Work to complete:
Your copy must hold all of the data below, unchanged and without images.

Given data:

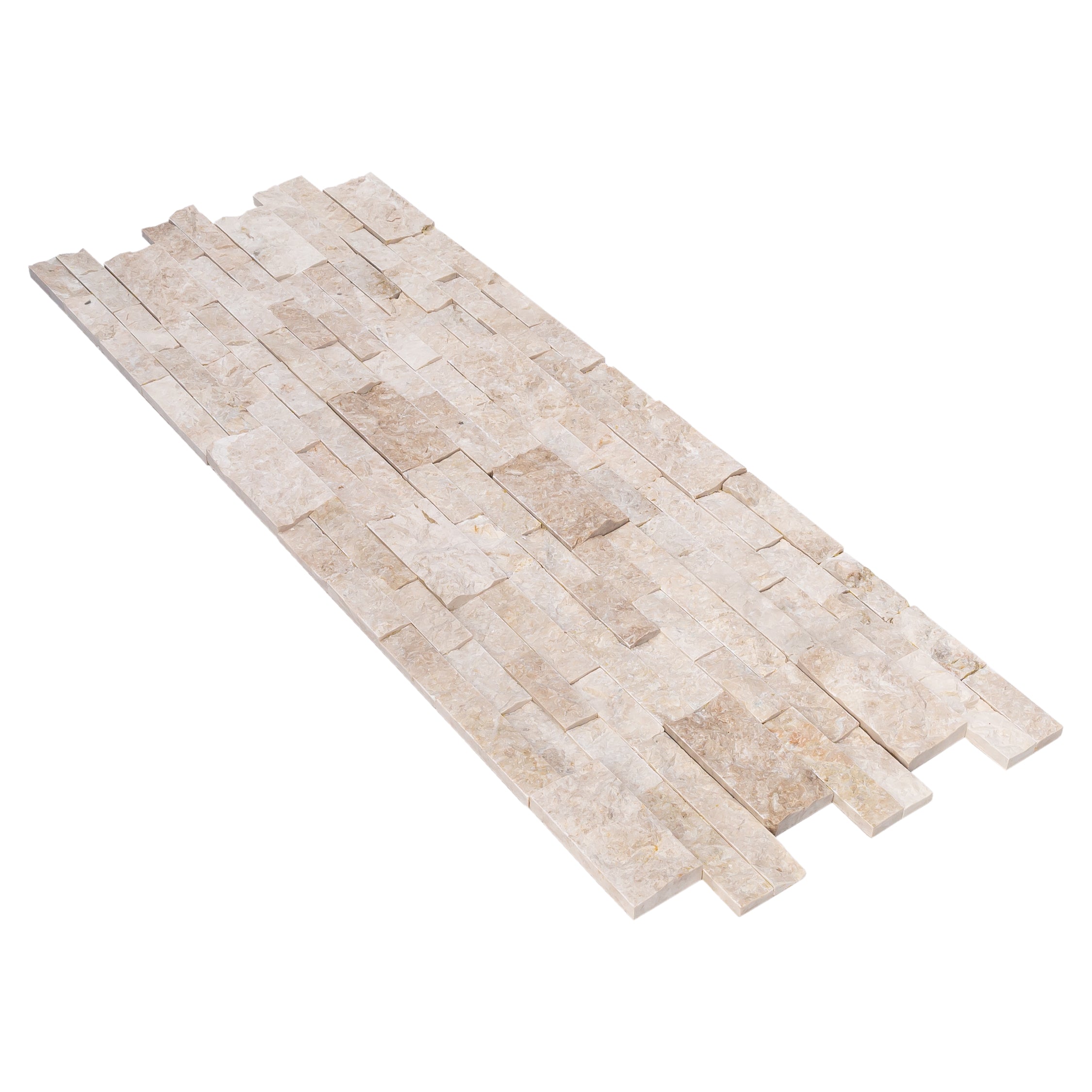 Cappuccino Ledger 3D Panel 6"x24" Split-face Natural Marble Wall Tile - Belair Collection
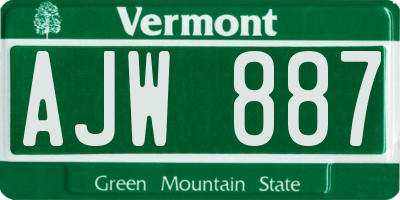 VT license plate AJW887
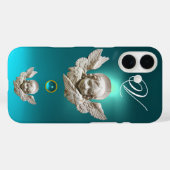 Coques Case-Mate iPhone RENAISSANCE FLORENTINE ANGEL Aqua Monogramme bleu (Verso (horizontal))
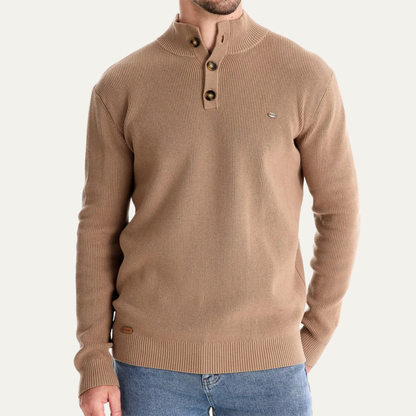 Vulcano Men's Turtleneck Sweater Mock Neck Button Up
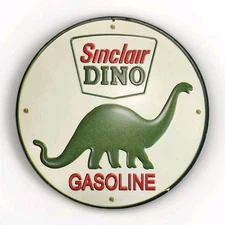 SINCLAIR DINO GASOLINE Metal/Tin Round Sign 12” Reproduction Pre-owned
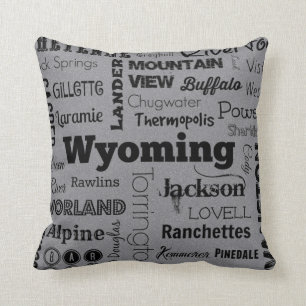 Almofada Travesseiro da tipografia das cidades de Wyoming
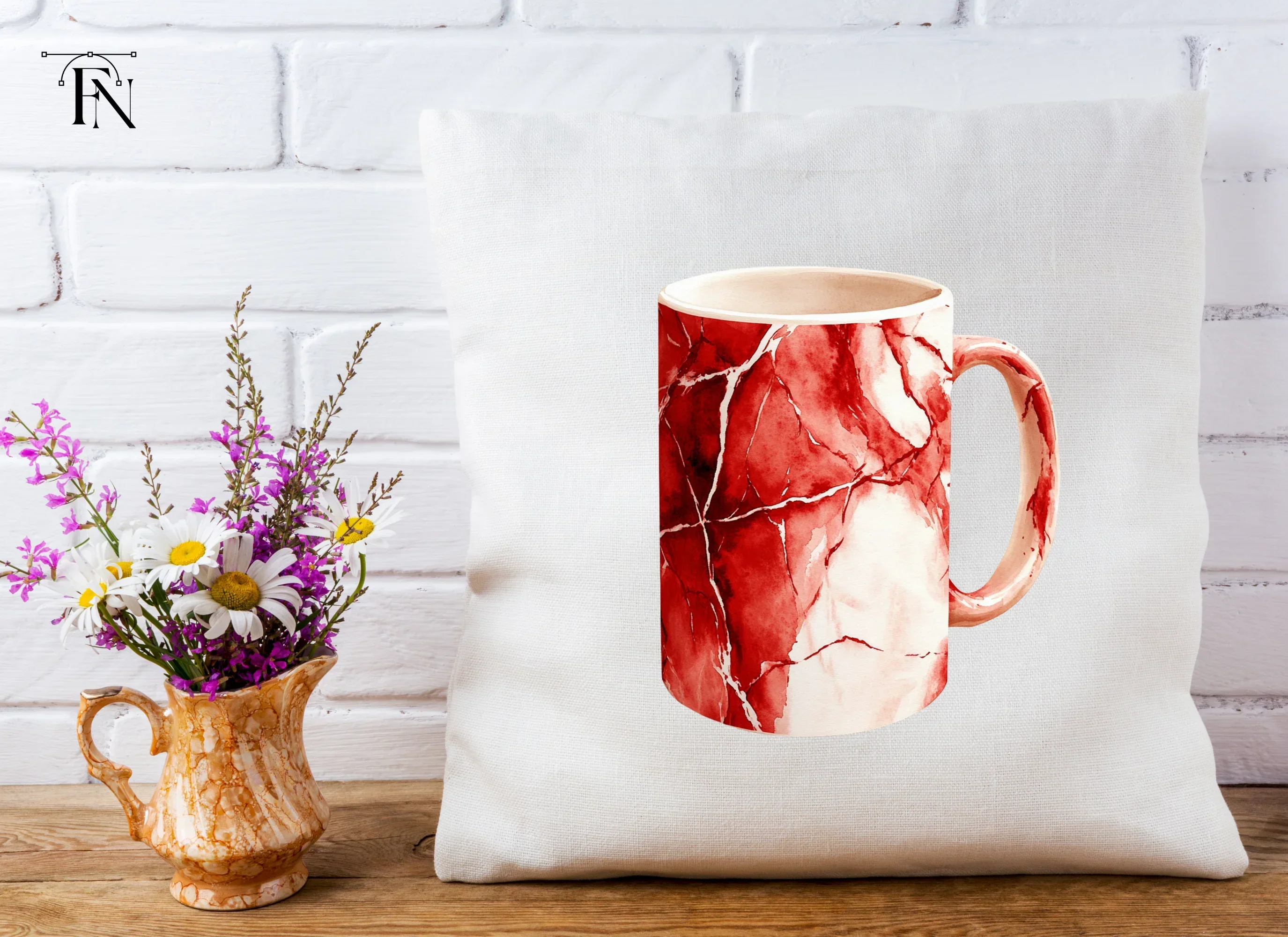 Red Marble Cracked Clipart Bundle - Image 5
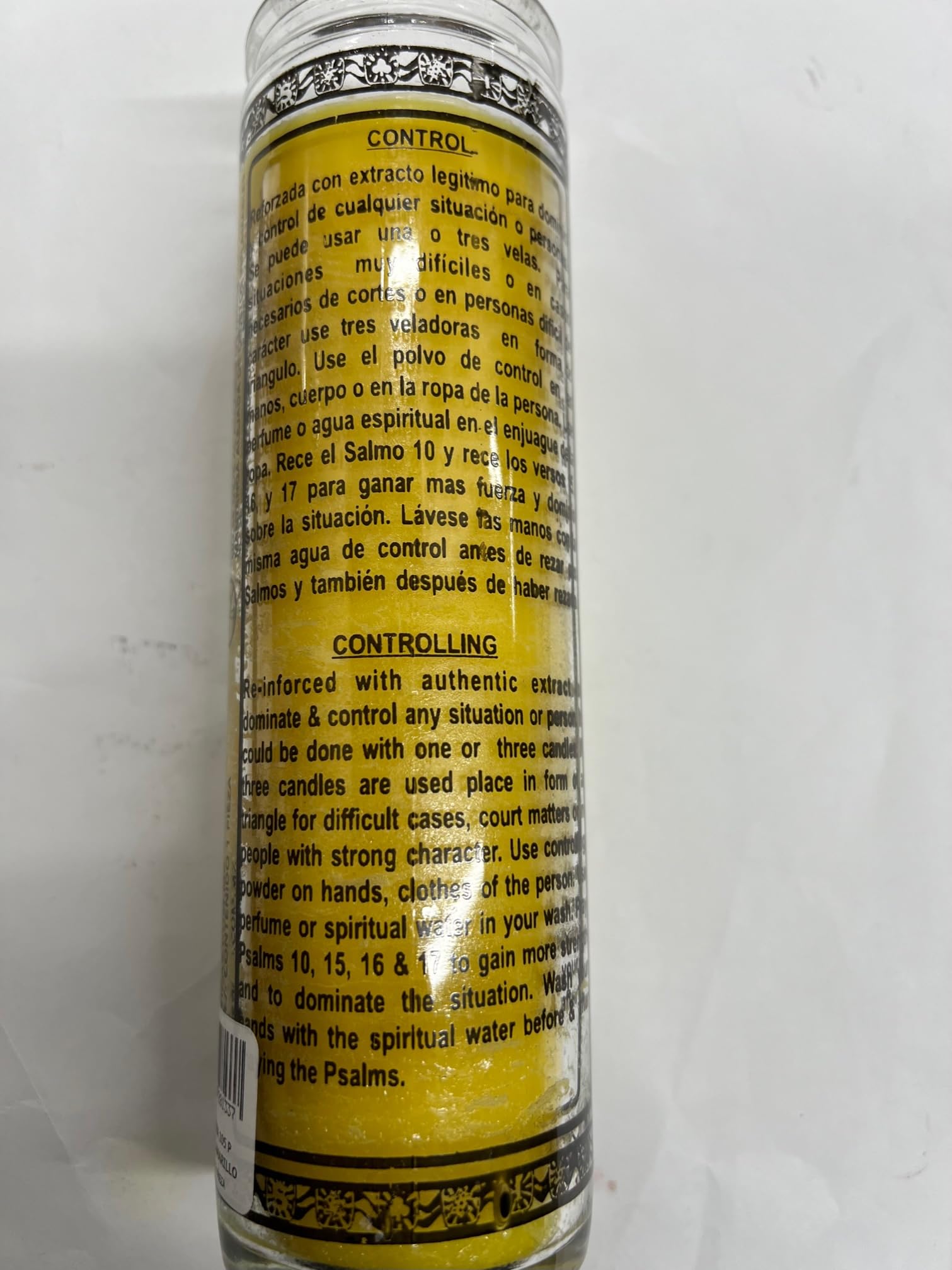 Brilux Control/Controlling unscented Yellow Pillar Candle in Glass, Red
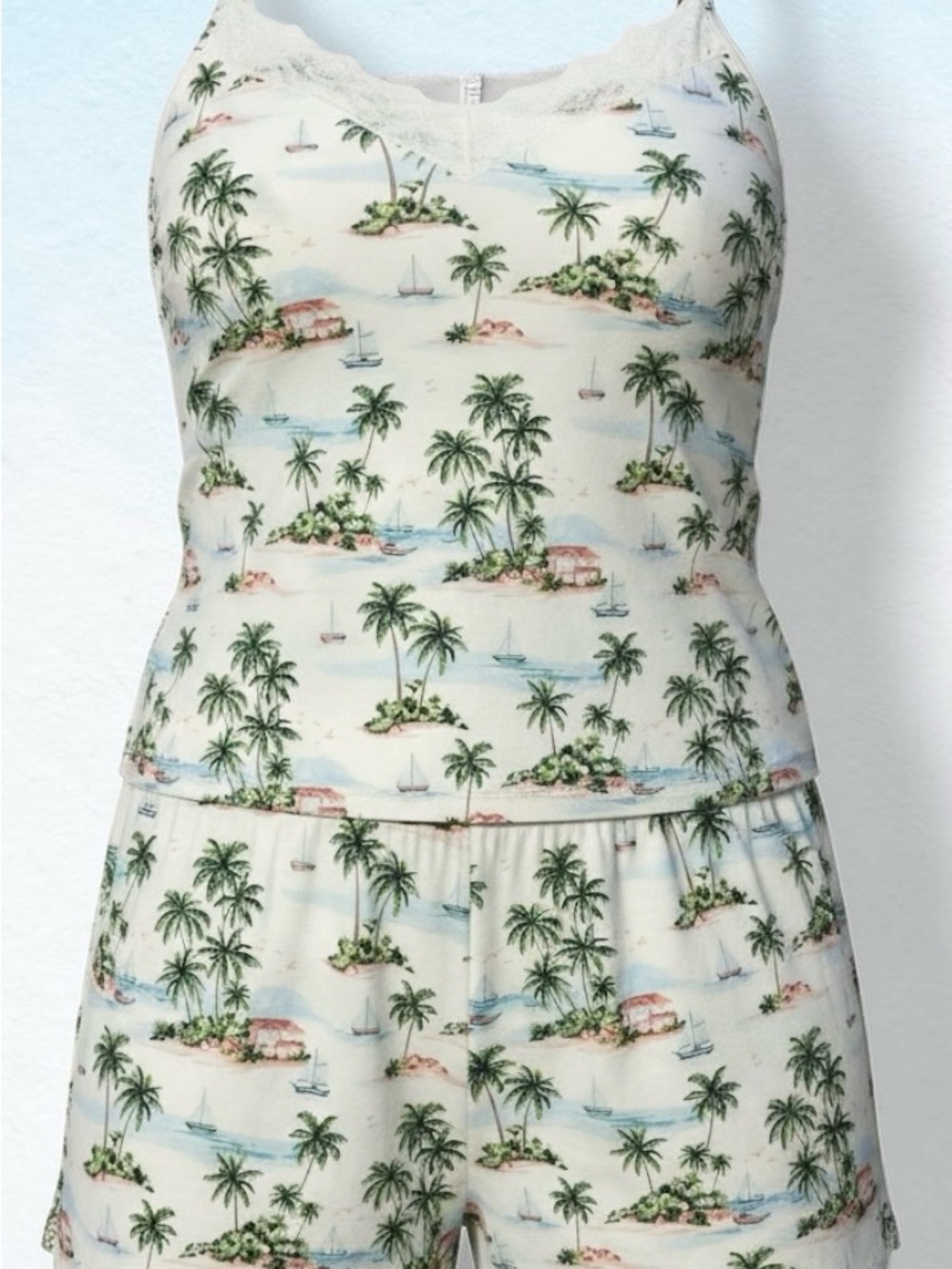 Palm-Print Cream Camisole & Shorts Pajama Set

Written response:
 Cappuccino Ledger 3D Panel 6"x24" Split-face Natural Marble Wall Tile - Belair Collection
 VT license plate AJW887
 Coques Case-Mate iPhone RENAISSANCE FLORENTINE ANGEL Aqua Monogramme bleu (Verso (horizontal))
 Vulcano Men's Turtleneck Sweater Mock Neck Button Up
 SINCLAIR DINO GASOLINE Metal/Tin Round Sign 12” Reproduction Pre-owned
 Almofada Travesseiro da tipografia das cidades de Wyoming
 Red Marble Cracked Clipart Bundle - Image 5
 Brilux Control/Controlling unscented Yellow Pillar Candle in Glass, Red
 Palm-Print Cream Camisole & Shorts Pajama Set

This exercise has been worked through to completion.